I also do think that marriage is better than living together but you really have to be serious about it before you to it. I would want to be sure that they are with a guy they have known for awhile who can make a good living and that both of them are committed to working throughout the marriage. I've actually lost quite a bit of sleep over this. I don't want my daughters to have to experience the hell I've gone through. On one hand I never want them to get married but on the other I want them to be happy and living with a guy puts you more at risk then having a ****ty marriage. All I can do is pray for their future that they find a better spouse then their mother.


----------



## Itwasjustafantasy (Jan 8, 2016)

Diana7 said:


> What have you got against grandchildren?


Nothing against grandchildren per se. I feel completely fulfilled with having my one and only daughter. Parenting has been rough for both my husband and I, we were together for almost a decade before we considered having a child. I have a history of severe post partum depression and depression and anxiety in general so being a good enough mother has been and continues to be a role that is not easy for me at all even when my awesome husband is the most involved father to our child. 
So, I look forwards to the freedom and spontaneity that not caring for very young children will allow my husband and me once our little one is a young adult. Of course that is not guaranteed but grandchildren deserve love and attention that I am simply not willing to give. Everyone tells me everything changes once you hold that little baby in your arms, etc etc but I am a realist, I refuse to romanticize life events that involved a lot more than pure fun and joy...being a good human being, friend, parent or grandparent requires an element of selflessness and desire to truly be present not just physically but mentally. I have no such desire. Now again should my daughter decide to have children, I will probably embrace my role as a grandmother but unlike some other women i know tje last thing Id evee do is to nag her about making me a grandmother. I am already a fantastic auntie and work with children on top of having my own child, being true to myself I know I get plenty of opportunities to be nurturing and loving to the children that are already in my life. In other words I am fulfilled with my life as it is. I want to focus the years when my daughter needs me less on my husband as that would make him and me very happy.


----------



## EleGirl (Dec 3, 2011)

Ol'Pal said:


> Marriage is a great deal for women. I could never advise my son to get married though.

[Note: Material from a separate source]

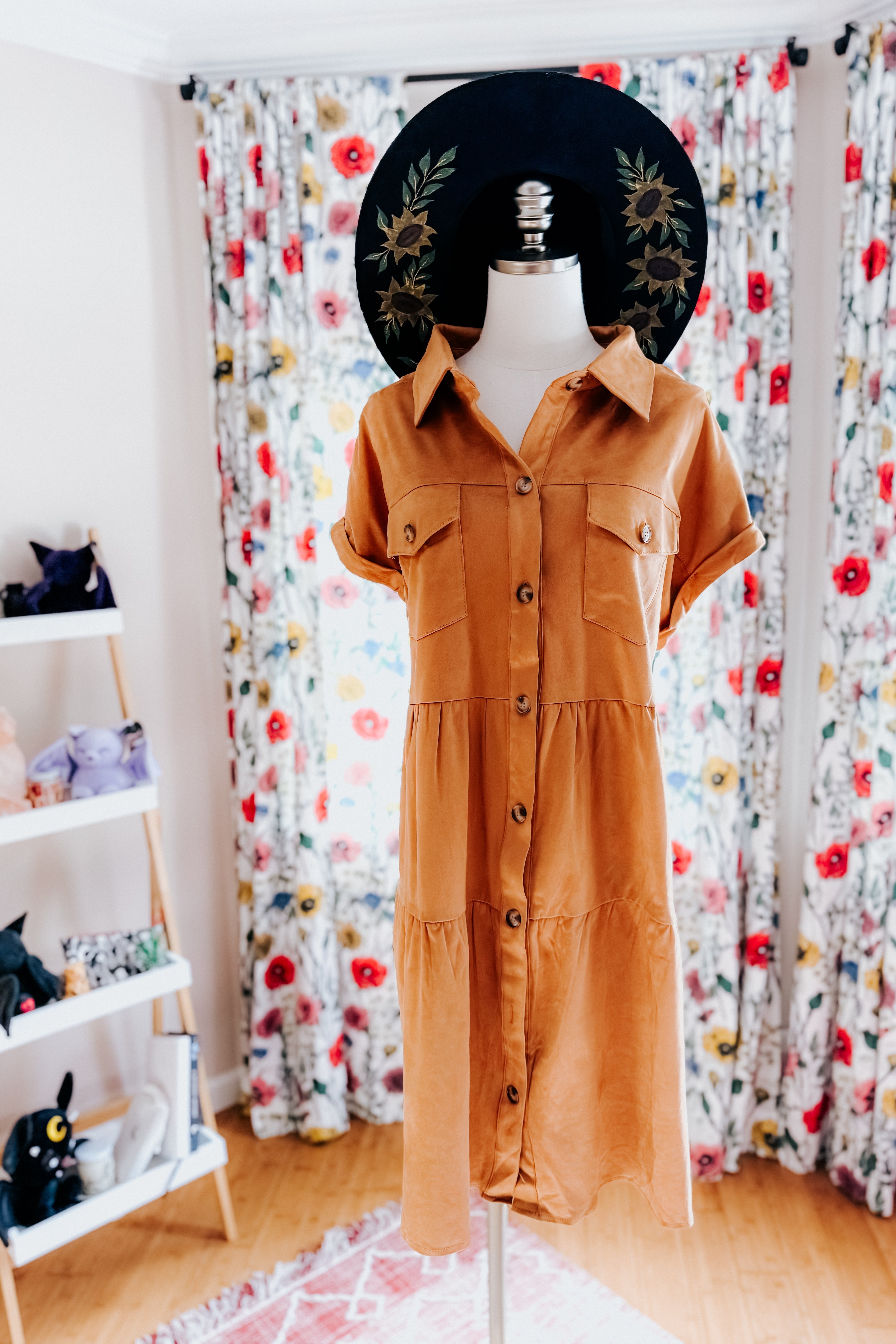 Button-front tan faux suede shirt dress with short sleeves and chest pockets displayed on a mannequin indoors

Marriage the same deal for men and women. The laws are not gender specific.


----------



## john117 (May 20, 2013)

rockon said:


> Of which she will have no idea about?


The acceptance criteria is well documented


----------



## Diana7 (Apr 19, 2016)

TX-SC said:


> Mine was only $25, but it's rare these days. Some folks are dropping $50,000+ on weddings. Sad...
> 
> Sent from my LG-US996 using Tapatalk


 Our married childrens weddings cost £4,500($5600) and £5000($6000). One had a hundred guests as well. Both really nice weddings. 
Mine and my husbands 11 years ago only cost about £600($750). That included a suit for him and his son and my outfit. 
You can have very cheap wedding if you really want to.


----------



## TX-SC (Aug 25, 2015)

Diana7 said:


> Our married childrens weddings cost £4,500($5600) and £5000($6000). One had a hundred guests as well. Both really nice weddings.
> Mine and my husbands 11 years ago only cost about £600($750). That included a suit for him and his son and my outfit.
> You can have very cheap wedding if you really want to.

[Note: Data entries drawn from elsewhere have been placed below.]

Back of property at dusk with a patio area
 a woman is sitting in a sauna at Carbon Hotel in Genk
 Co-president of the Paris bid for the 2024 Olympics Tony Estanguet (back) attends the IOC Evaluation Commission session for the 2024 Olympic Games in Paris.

Problem is that most social media and TV pushes expensive weddings, so girls are enamored with them from an early age. 

Sent from my LG-US996 using Tapatalk


----------



## john117 (May 20, 2013)

No wedding planning for us. Paying about $200k per child for college ought to cover an Ivanka level wedding or two 😁


----------



## BlueWoman (Jan 8, 2015)

Ol'Pal said:


> Marriage is a great deal for women. I could never advise my son to get married though.



Really? Because honestly, I think it's the opposite. In general I think the expectations from women are changing because women now have more opportunities. 
So for instance, in my marriage, up until the last two years, I was the bread winner. But societal pressures haven't caught up to the changing power structure between men and women. Because in the end, I also did the majority of the house work and put my own goals on hold to get my ex through school. 

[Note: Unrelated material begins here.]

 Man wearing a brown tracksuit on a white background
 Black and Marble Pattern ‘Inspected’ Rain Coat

If I spoke up about it I was considered a nag and if I got angry I was considered to have rage issues.

And when we divorced, even though he brought almost nothing into the marriage, he still got to keep half. 

And when I think about it, if I hadn't had such a warped opinion that marriage was sacred and I should have give it my all, I would have left long before he ended it by cheating. 

So based on my personal experience, I would not advise anyone to get married. It's an extremely risky financial and emotional proposition and even if you think you are completely in sync people change and you can't predict if it's going to be you or the other person and you can't even guess if the change will be good or bad. 


And yet, I know that nothing could have stopped me from going down my path. If I could back in time and tell myself not to get married and explain why, I know I still would have done it. 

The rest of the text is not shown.